Il possède toutes les qualités que j’attends d’un ouvrage : une histoire passionnante ou émouvante, ou les deux à la fois, et une belle écriture. Il raconte à deux voix le génocide rwandais. Nous sommes en 1994. Rose, une jeune Tutsi, muette, écrit à son mari médecin, souvent absent, pour lui raconter ses journées aux côtés de leur fils, tout petit. Le père de rose était le cuisinier de l’ambassade de France à Kigali et il a été assassiné. Sa maman a repris le flambeau. Et puis il y a Sacha, journaliste française venue couvrir l’après-apartheid en Afrique du Sud et qui va se retrouver au Rwanda avec Benjamin, son photographe attitré, à la lueur d’une intuition et de la découverte de camions remplis de machettes.

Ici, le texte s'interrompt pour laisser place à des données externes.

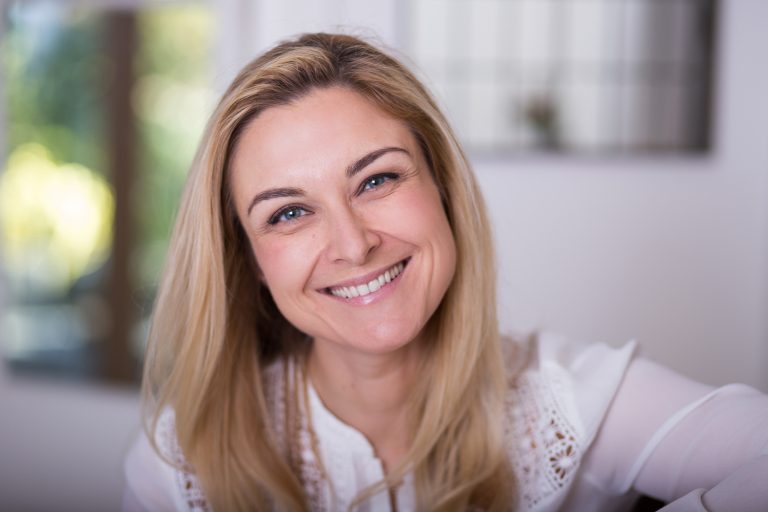 Smiling white woman with blonde hair in white shirt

Yoan Smajda a magnifiquement lié la mort et l’amour. Aussi documenté soit le récit, aussi précis soit-il dans les témoignages de combats, les horreurs, les exactions, il s’agit bien d’un roman dans lequel l’amitié et l’amour sont présents. Deux voix, deux écritures parallèles et si différentes, qui, c’est la magie de la littérature, finissent par se rencontrer : la précision de la journaliste, la poésie de cette femme muette dont seuls les mots couchés sur le papier réussissent à formuler l’indicible. L’auteur parvient aussi à dire que le deuil est possible, que l’avant entraîne un après et que l’espoir d’une vie meilleure s’avère souvent. La fin, sans être mièvre est, en effet, comme un baume sur les blessures, un baume aussi onctueux que le beurre d’Echiré, le meilleur entre tous, servi à l’Ambassade de France à Kigali. Il ne faut pas oublier que dans ce livre il est aussi beaucoup question de cuisine.
« J’ai cru qu’ils enlevaient toute trace de toi » est un roman percutant, de ces récits dont l’écho se prolonge au-delà des pages, se fiche en soi et résonne longtemps.
Editeur : Belfond
Date de Parution : 4 Avril 2019
nombre de pages : 288
Ce livre a été lu dans le cadre de la sélection de l’association « Les 68 Premières Fois » – Rentrée littéraire 2019.